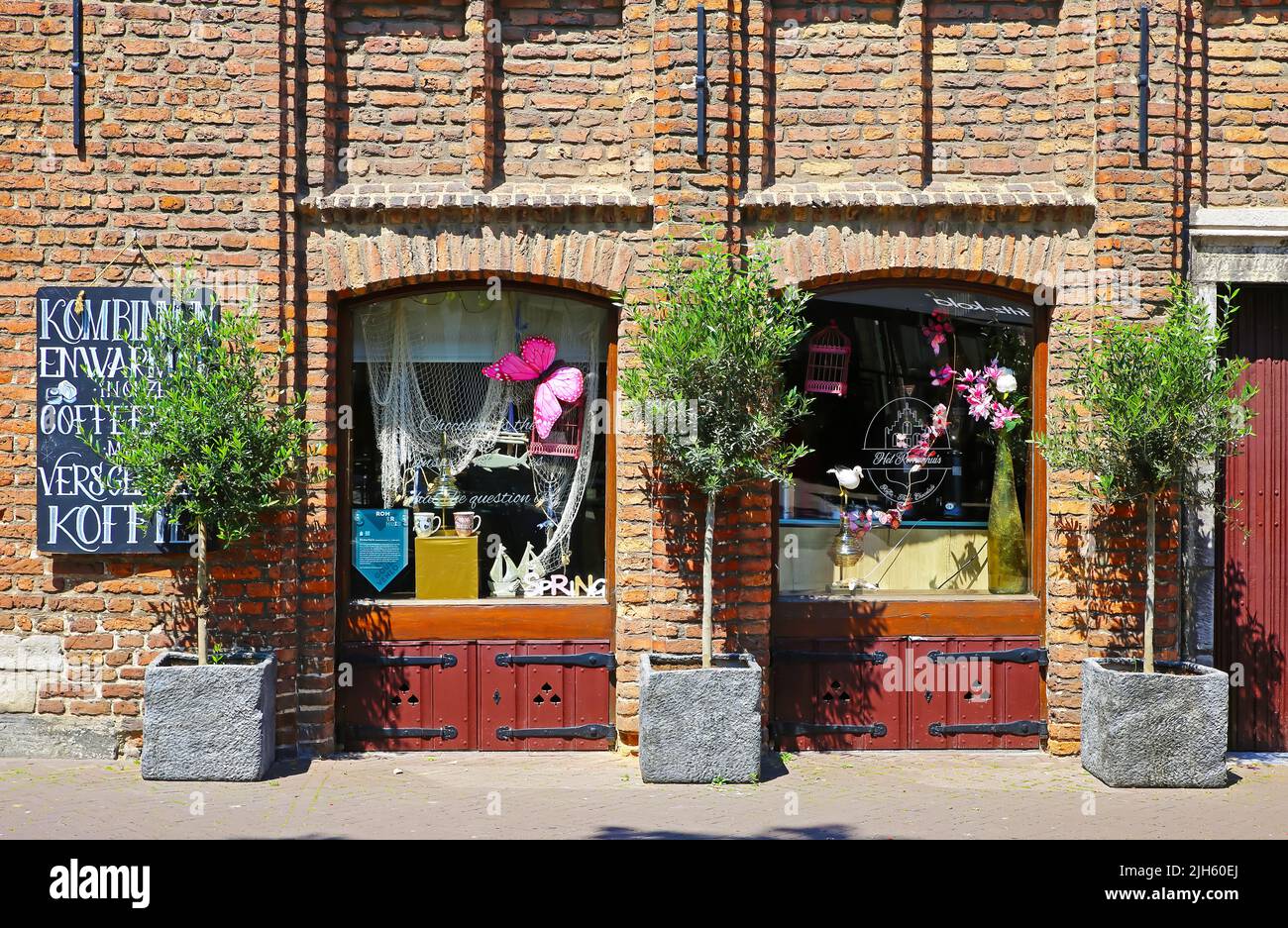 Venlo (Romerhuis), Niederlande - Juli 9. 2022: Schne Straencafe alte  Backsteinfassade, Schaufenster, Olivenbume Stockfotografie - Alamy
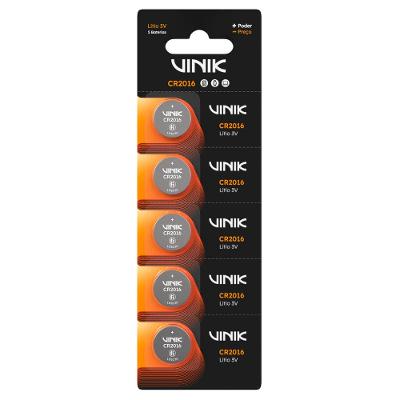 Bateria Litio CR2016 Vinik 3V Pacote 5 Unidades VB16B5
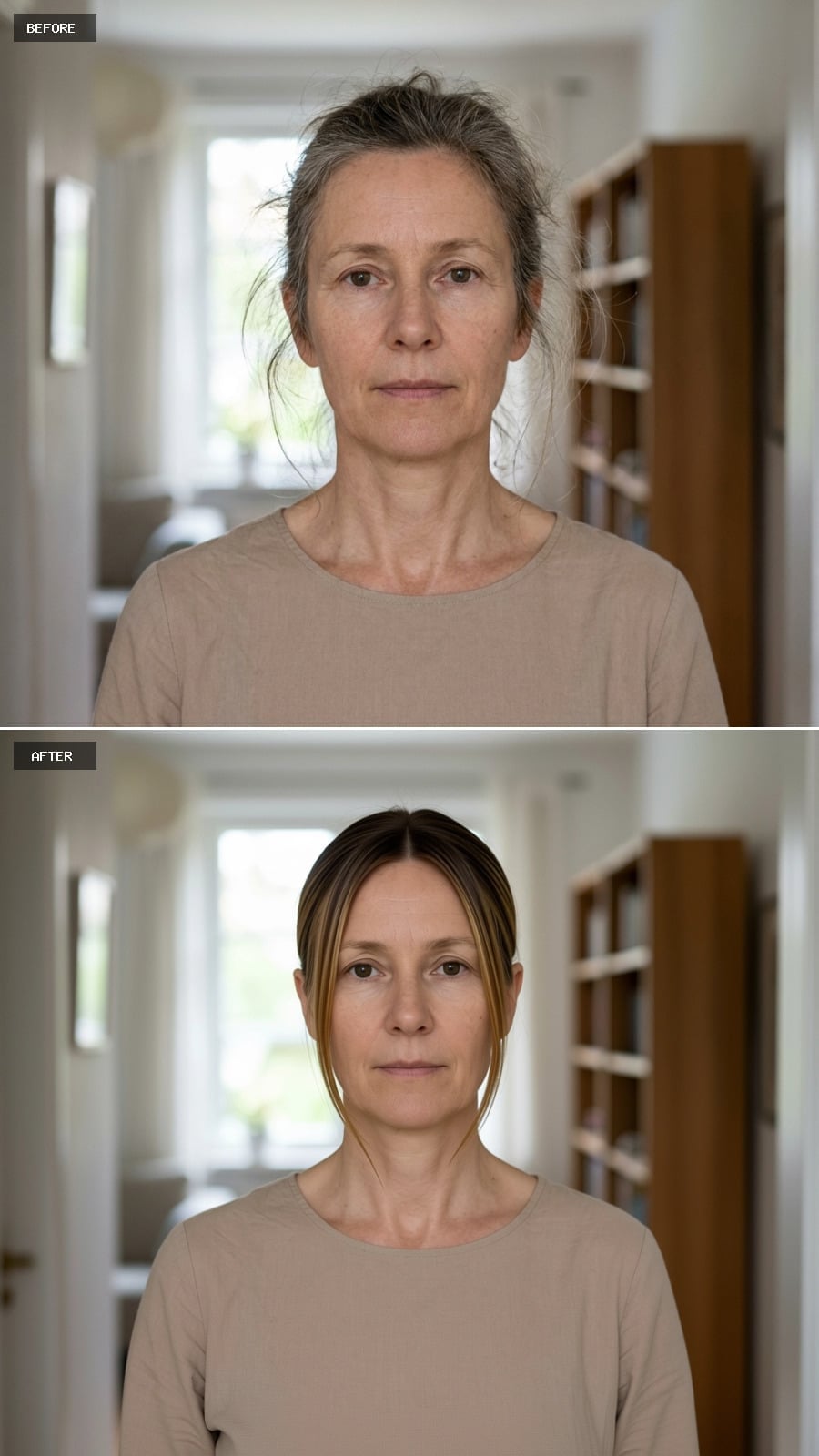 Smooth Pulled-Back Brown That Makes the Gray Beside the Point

· · · · ·

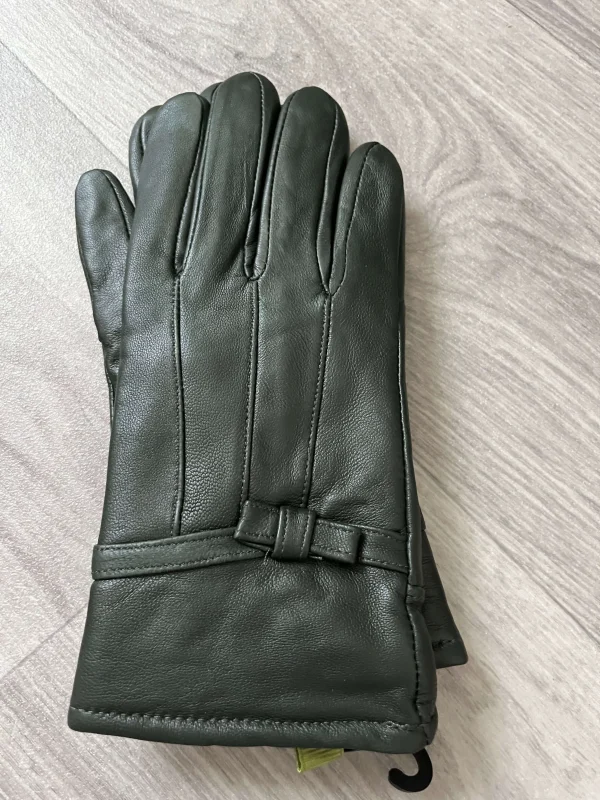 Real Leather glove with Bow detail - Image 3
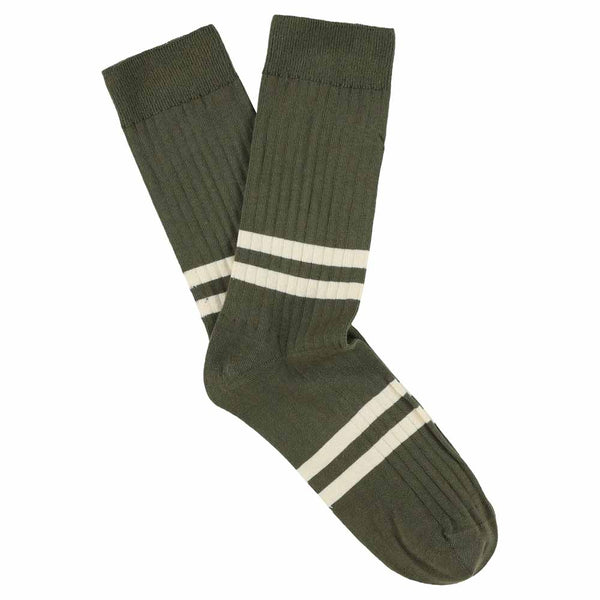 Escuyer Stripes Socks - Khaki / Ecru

· · · · ·

## WHAT TO WORK ON
Start at the line containing "Bateria Litio CR2016" above and stop at the line containing "Smooth Pulled-Back Brown". Output those lines exactly, both included, but none of the pictures.

## RESULT OF THE TASK
 Bateria Litio CR2016 Vinik 3V Pacote 5 Unidades VB16B5
 Smooth Pulled-Back Brown That Makes the Gray Beside the Point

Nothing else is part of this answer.